Monday, March 2, 2009

Basilisk: The Serpent King

(Tina: With Yancy Butler! In another archeology love story.)

Starring: Jeremy London, Wendy Carter, Cleavant Derricks, Griff Furst, Sarah Skeeters, Stephen Furst, Doug Dearth, Yancy Butler, and Bashar Rahal.

(Tina: Yancy Butler was the star of Witchblade until she got too drunk to function and the show was canceled. I guess we know what she’s doing now. Quality work for the Sci Fi Channel. She’s super bitchy in this one.)

(Jason: Yeah. I remember her being super hot in Witchblade, but she’s looking pretty haggard in this crapstravaganza. She does die after getting gruesomely bitten in half in a completely exploitative nudie scene, however, so I forgive her.)

Director:
Griff Furst (Jason: Who knows a quality script, as he starred in Alien Abduction. He also plays an annoying sidekick in this one.)

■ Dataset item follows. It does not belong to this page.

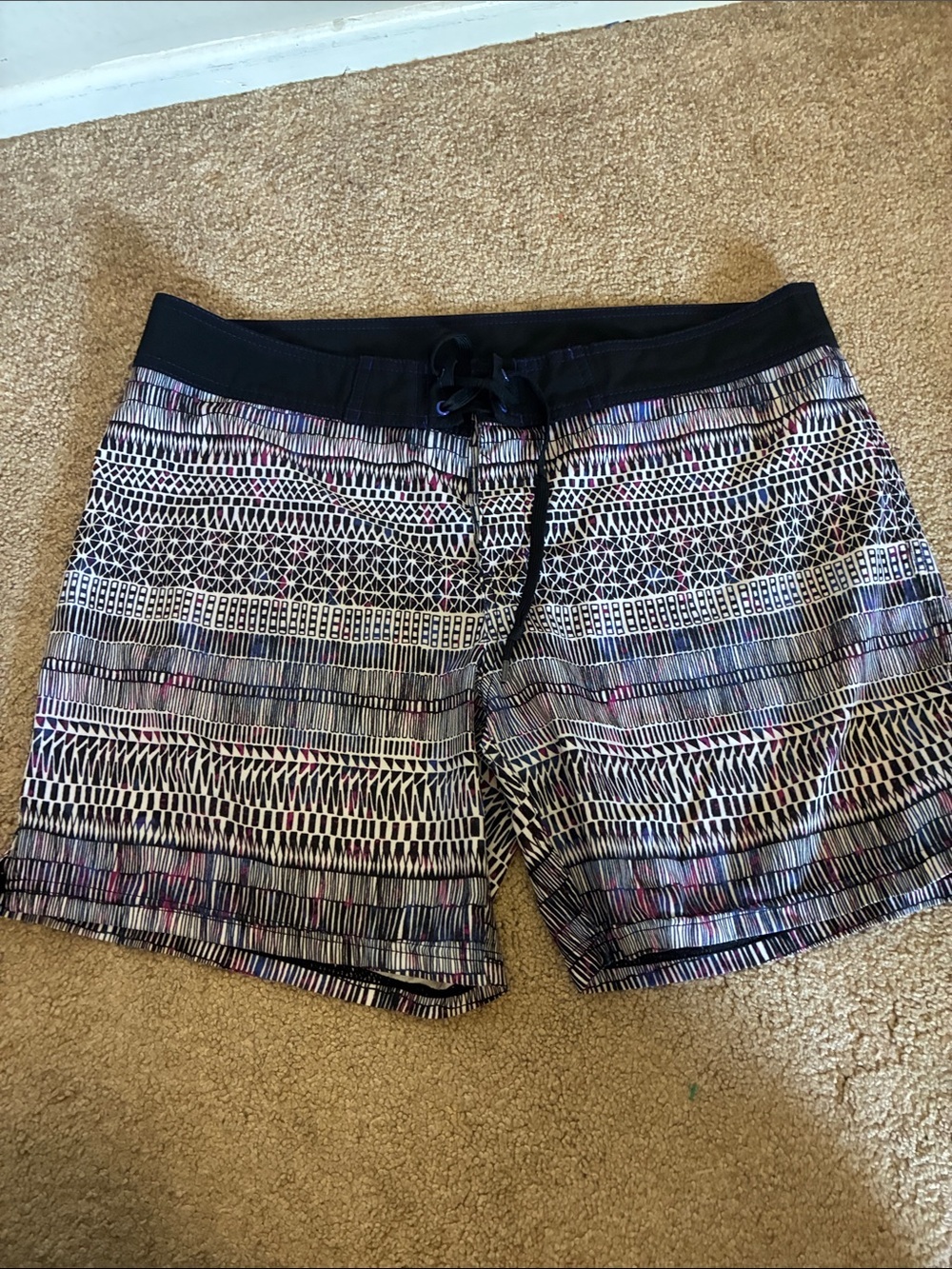 prAna Makenna Board Shorts Tribal Geometric Lace Up Swimwear size L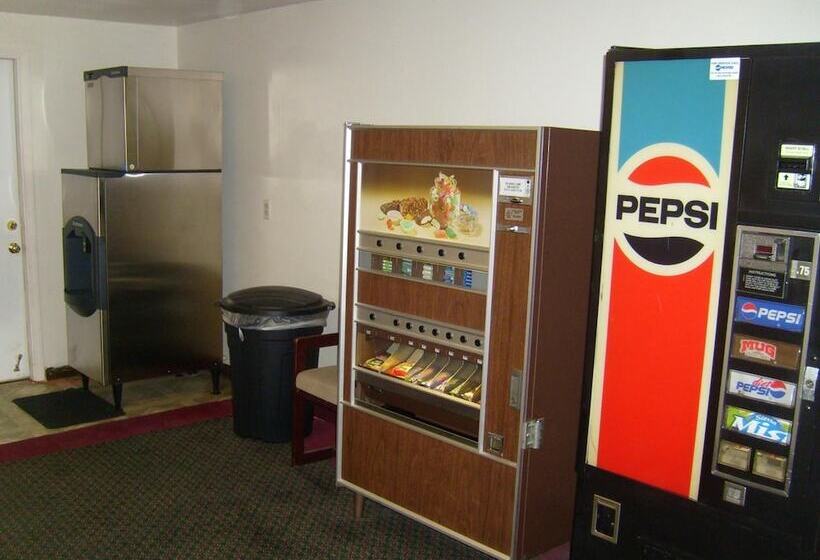 فندق Shanico Inn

Writers: Wil McCarthy, Chase Parker (Jason: Make that alleged writer. You can blame veteran Sci Fi alumnus Parker for the immortal Boa vs. Python, Reign of the Gargoyles, and Path of Destruction. OTOH, he’s no slacker. Parker must crap out a script a month.)

Release Year: 2004

Actual Tagline:
An Eclipse Awakens An Ancient Monster Whose Gaze Turns Flesh To Stone...No One Knows How To Stop It...But One Woman Knows How To Control It!

Optional Tagline (Tina):
Blindfolds? Check. Scepter? Check. Eclypse? Check. Weird Creepy Monster? Check. Yancy Butler? Check. Cleavant Derricks? Check? Which Stoned Relic Will Go Down First?

Optional Tagline (Jason):
We Didn’t Have Much Of A Script. We Don’t Have Any Real Actors Except For Yancy Butler, Who’s Looking A Little Rough. We Do However Have Many Buckets of Blood And Pig Intestines To Pour On Our Bulgarian Extras.

Synopsis:
After bringing back some relics from the desert, a young scientist and his oddball friends have to defend the city of Pueblo Springs from a reanimated, snake-like creature that turns people to stone at a glance. Unsexy romance, zany gore-spattered high jinx, spastic male bonding, and angry lectures from Cleavant Derricks result, only ending when the basilisk is finally drowned in the soothing waters of a filthy, Russian designed nuclear reactor. (Tina: In freaking Bulgaria… uh, Colorado!)

Rating:
a solid -6

THE PLOT (SUCH AS IT IS)


The first couple minutes are just crap. There are a couple of the ancient “Libyans” that look like tan honkies, a la John Wayne as Genghis Khan. (Jason: By “tan honkies” I believe my wife means Bulgarians.) But I digress. It’s 112 AD and the ancients are going to kill the Serpent King.

Blindfolds… check
Scepter…check
Eclipse… check

Apparently, if you take the blindfold off, the serpent will find you and spray a venom on you that turns you to stone. Which presumably means that if you can’t see the Basilisk, it can’t hurt you. Unlike this film. Anyhow, one ancient is holding the scepter, and when the Basilisk looks into the gem, it turns into stone. We later find out the gem is the “Eye of Medusa,” though the whole Scepter pretty much looks like a leftover prop from a Moscow Film remake of the Ten Commandments.

Present Day: Middle East

Professor Cutie… check
Smart Girl… check
Wiseass Sidekick…check

Grad students from Pueblo Springs, Colorado (also known as Sophia, Bulgaria) are on an archeological dig. They get a pretty reasonable warning from locals not to continue the dig because the land is “cursed.” Of course they don’t listen and find the Eye of Medusa along with a few statues (stoned ancient dudes) and the “statue” of a giant serpent.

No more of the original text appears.